Così non possiamo che scandalizzarci davanti al fatto che questo grande mandato abbia finito per battezzare nel nome "del Padre, del Figlio e dello Spirito Santo" l'imperialismo d'Occidente, religioso, culturale, economico, politico: Cristo come giustificazione della conquista, della colonizzazione, del genocidio. Davanti a questi fatti, il grande mandato diventa veramente un "parlare duro", fonte di scandalo e di vergogna. Non riusciamo ad adorare un Cristo siffatto: se questo è il potere dato al Risorto allora noi ci troviamo volentieri tra i discepoli che, "vedutolo… dubitarono".

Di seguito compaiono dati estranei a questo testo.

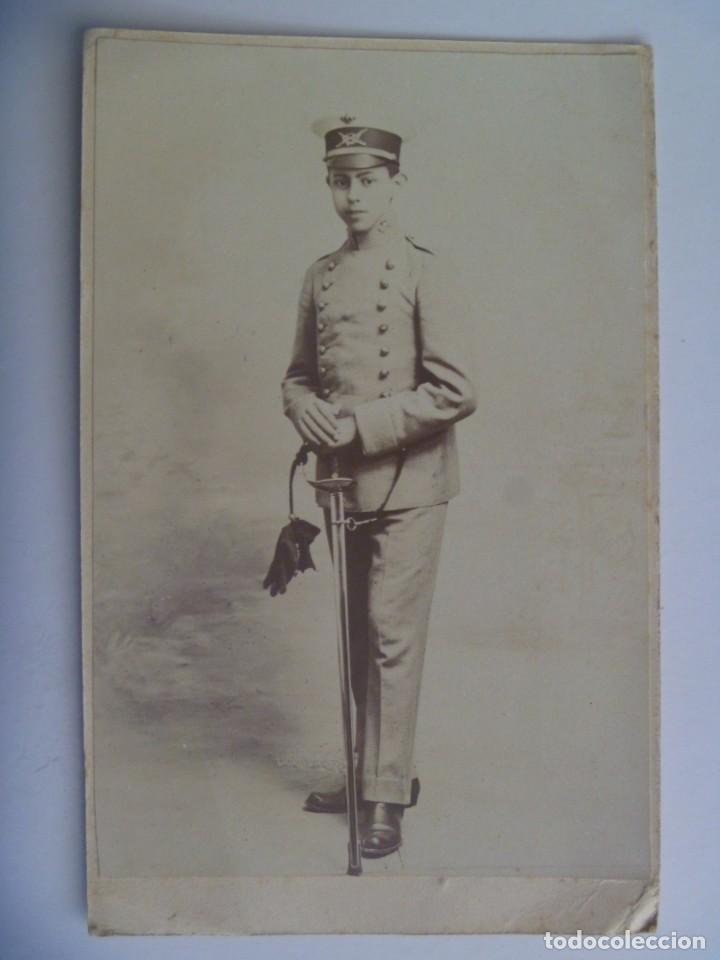 Fotografia antiga: FOTO DE ESTUDIO DE MILITAR , DE CADETE DE LA ACADEMIA DE INFANTERIA. DE HARO HERMANOS, CARTAGENA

Rimane la possibilità che il combattere e uccidere, il vendere e il comperare, l'appropriarsi di terre altrui, l'arrogarsi il diritto di definire e di decidere non rispecchiasse affatto l'autorità data a Cristo. Quale potere è stato dato al Risorto? Davanti ai discepoli si presenta un uomo reduce della croce, il cui potere e autorità sono stati quelli della resistenza non violenta. Non fautore di sistemi religiosi e politici di violenza, sfruttamento e oppressione, ma vittima! Vittima dei poteri e delle autorità! È possibile che le Chiese abbiano dimenticato chi era colui che si presentava davanti a loro? È possibile che non abbiano visto bene?

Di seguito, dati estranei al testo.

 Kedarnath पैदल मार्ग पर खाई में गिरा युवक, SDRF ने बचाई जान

I discepoli, assenti agli ultimi avvenimenti sconvolgenti del Vangelo, fuggiti davanti al pericolo, vanno in Galilea come era stato detto loro dalle donne. Vanno "sul monte che Gesù aveva loro designato". Ma è proprio su un monte che Gesù, prima di iniziare il suo ministero, si era trovato faccia a faccia con il desiderio subdolo del dominio e con la tentazione del potere: "Il diavolo lo condusse con sé sopra un monte altissimo e gli mostrò tutti i regni del mondo e la loro gloria, dicendogli: Tutte queste cose io, ti darò, se, prostrandoti, mi adorerai" (Mt 4, 8 e ss.). Gesù seppe resistere alla tentazione. Ma i suoi discepoli? Balena davanti ai nostri occhi la possibilità che stanchi, scoraggiati, sconfitti, abbiano sbagliato monte. Oppure, con gli occhi offuscati da quel desiderio di potere e di dominio mostrato apertamente mentre Gesù viveva, non abbiano visto lui, bensì un altro. Insomma, può essere che le Chiese si siano prostrate non davanti al Gesù morto e risorto, vittima dei poteri e principati che dominavano il mondo, ma ad un altro dio confezionato dalle proprie brame di potere? Può essere accaduto che, lungo i secoli, la cristianità dell'Occidente abbia reso testimonianza a questo dio e non al Dio manifestatosi in Gesù di Nazareth? Se così è, facciamo bene a trovarci tra i discepoli che rimangono scettici e dubbiosi. Almeno fino a quando le Chiese non avranno capito che motivo di scandalo non è parlare duro, ma non saper scorgere nella figura che si avvicina il segno dei chiodi.